Expands AUC oversight, stabilizes regulated rates, and strengthens consumer protection in Alberta's electricity market.

  • AUC gains earlier, stronger review of transmission line costs
  • Burden shifts: utilities must justify all transmission expenses
  • Regulated rate purchases extended from 45 to 120 days
  • Government rejects ending the regulated rate option
  • Utilities Consumer Advocate to become independent

 

Increased scrutiny of new power line costs and less volatility in month-to-month electricity prices will mean greater protection for Alberta electricity consumers.

 

“We recognize that Albertans are concerned about all of the charges on their electricity bills,” said Ken Hughes, Minister of Alberta Energy, in announcing these changes. “We are taking thoughtful, co-ordinated steps to ensure the best of both worlds: protection for consumers, and market forces to keep costs down.”

To increase scrutiny, the Alberta Utilities Commission AUC will have greater authority to review costs associated with new power lines. The AUC will receive more information sooner in the process, so it can better ensure that all costs are justified. As well, the burden of proof will shift. Transmission companies will be required to prove that all costs are reasonable instead of consumers being forced to challenge costs they believe are unreasonable.

To further protect consumers, Hughes is asking the AUC to determine the best process to pay for new transmission lines over the long term, to minimize cost impacts on monthly bills.

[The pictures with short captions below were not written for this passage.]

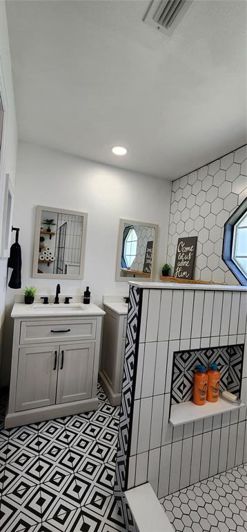 Image No.20-4 Bed House for sale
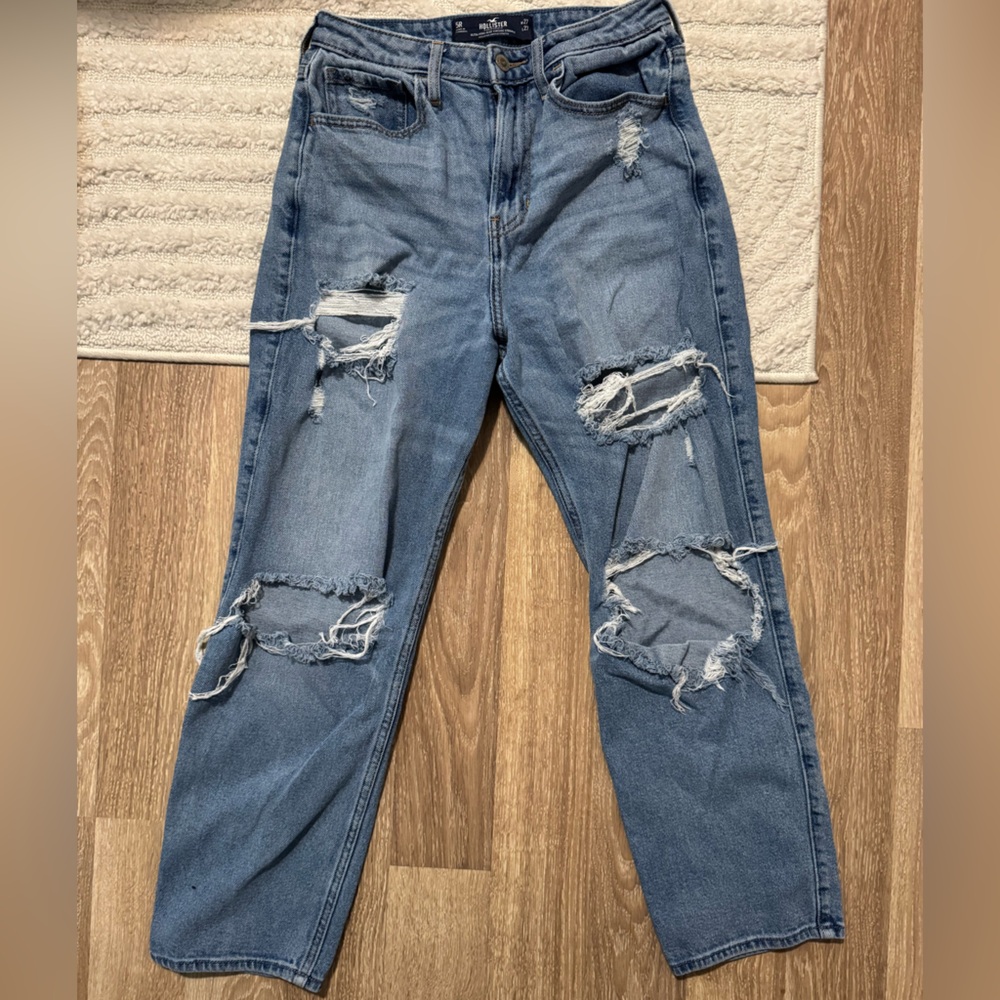 Hollister Women’s Ultra High-Rise Vintage Straight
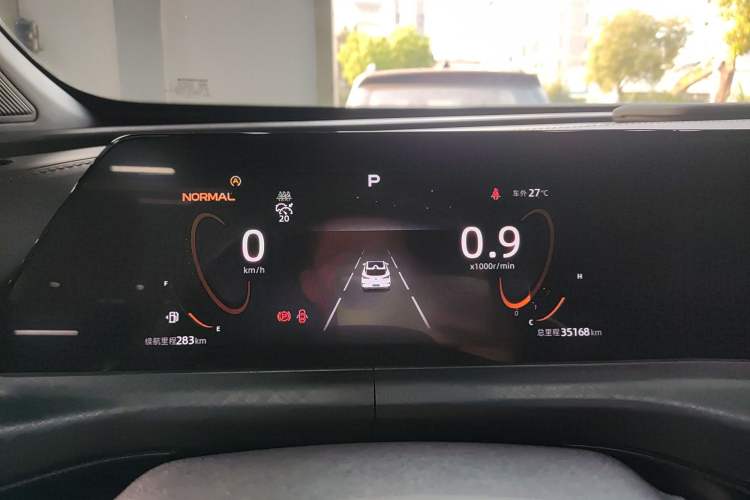 Used CHANGAN UNI-T 2022 1.5T Prestige Version
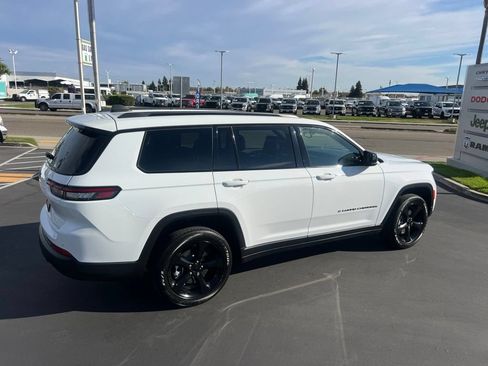 Used 2023 Jeep Grand Cherokee L Laredo AWD/4WD image 18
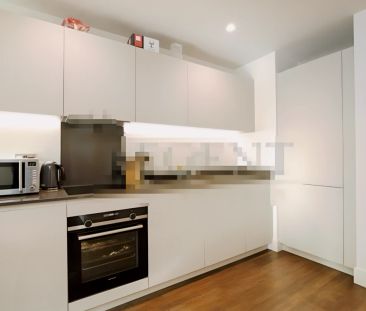 1 Bedroom 1 Bathroom - Photo 3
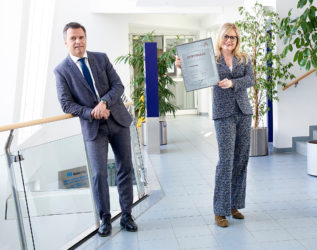 Zertifikat Headerbild mit Erich Steinreiber (CEO ISS Österreich), Monica Rintersbacher (Geschäftsführerin Leitbetriebe Austria)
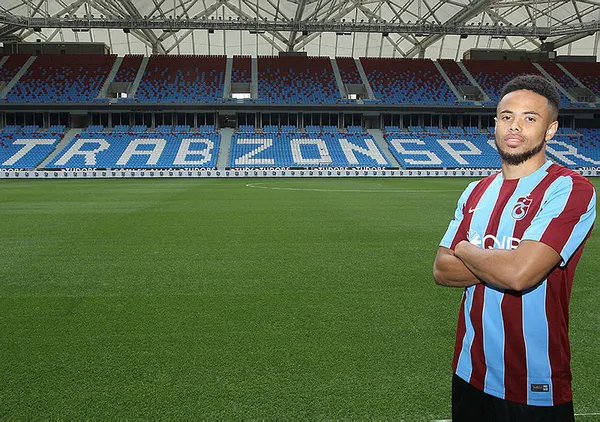 Trabzonspor'da ayrılık! KAP'a bildirildi - 1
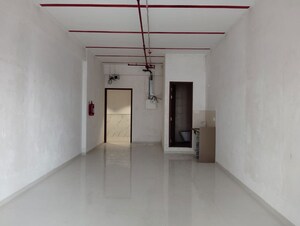 Room in  Office Space at Kalpataru Summit, Mulund West – for Sale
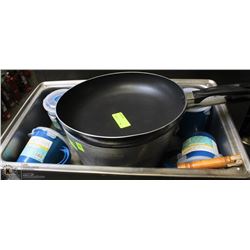 LOT OF MISC. KITCHEN ITEMS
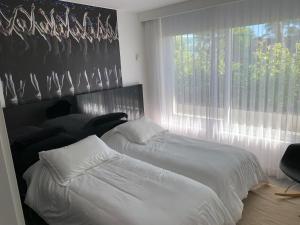 Un dormitorio con una cama grande y una ventana en Yoo Punta Del Este, en Punta del Este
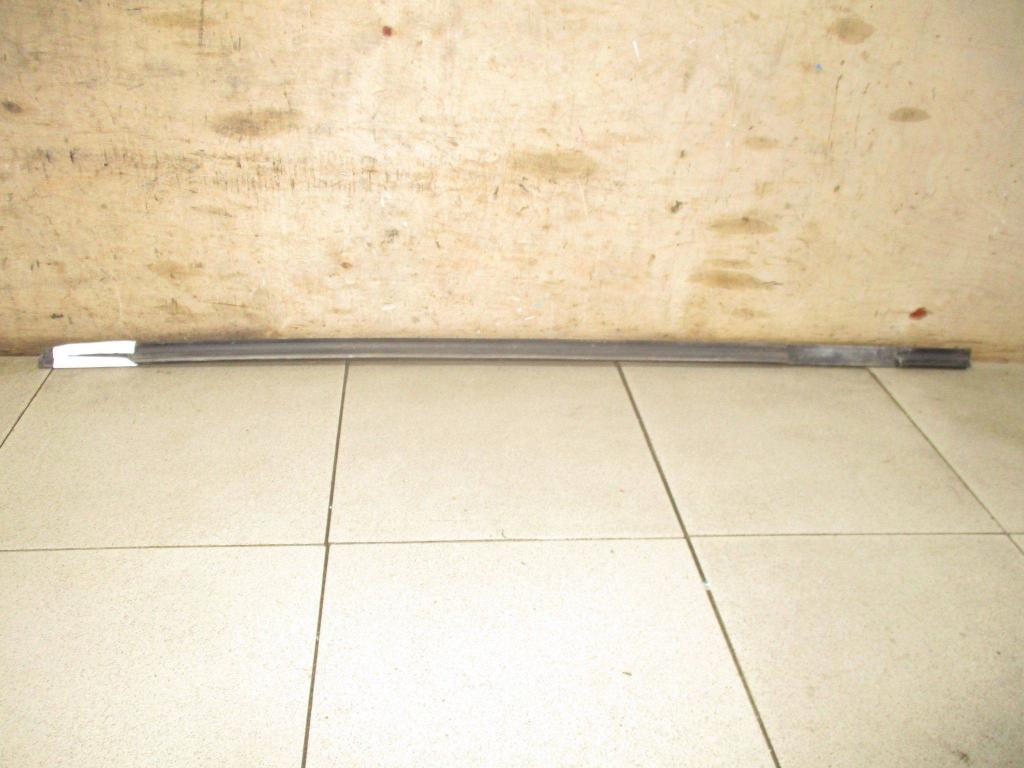 Накладка стекла переднего правого, 1000 рублей, Пермь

The decision to move on transmission costs runs parallel to government's response to a report from the Retail Market Review Committee. The committee's mandate was to look at the regulated rate option and the overall competitiveness of the retail market. The 391-page report contained 41 recommendations. Government is acting immediately on two recommendations, rejecting six and accepting 33 in principle.

A key recommendation being implemented immediately will reduce month-to-month price volatility for consumers by improving rules around how regulated rate providers purchase electricity. Currently, providers can only purchase power 45 days in advance for the regulated rate option. The province will extend that to 120 days to bring more stability and predictability to the marketplace. Extending the purchasing window allows providers to average prices over a longer period of time so the effects of severe weather or short-term plant shut-downs will be smaller.

The government has rejected all six recommendations associated with eliminating the regulated rate option. “Almost 65 per cent of Albertans choose the regulated rate option, and we respect that choice,” said Hughes. “This government will not force consumers to sign contracts.”

The 33 recommendations accepted in principle are focused on giving consumers better retail choices and greater information, protecting vulnerable Albertans and strengthening consumer advocacy. One of the recommendations is to make the Utilities Consumer Advocate an independent agency, with greater capacity to advocate on behalf of Albertans. An MLA team will further consult with stakeholders and determine how best to implement this and other remaining recommendations.

The committee also recommended lifting the freeze on applications for new distribution charges, and Hughes has requested that the AUC do so. The province asked the AUC to freeze the rates last year as electricity prices were rising rapidly across Alberta. Applications will need to go through the AUC process to ensure any distribution costs charged to consumers are reasonable and levied fairly.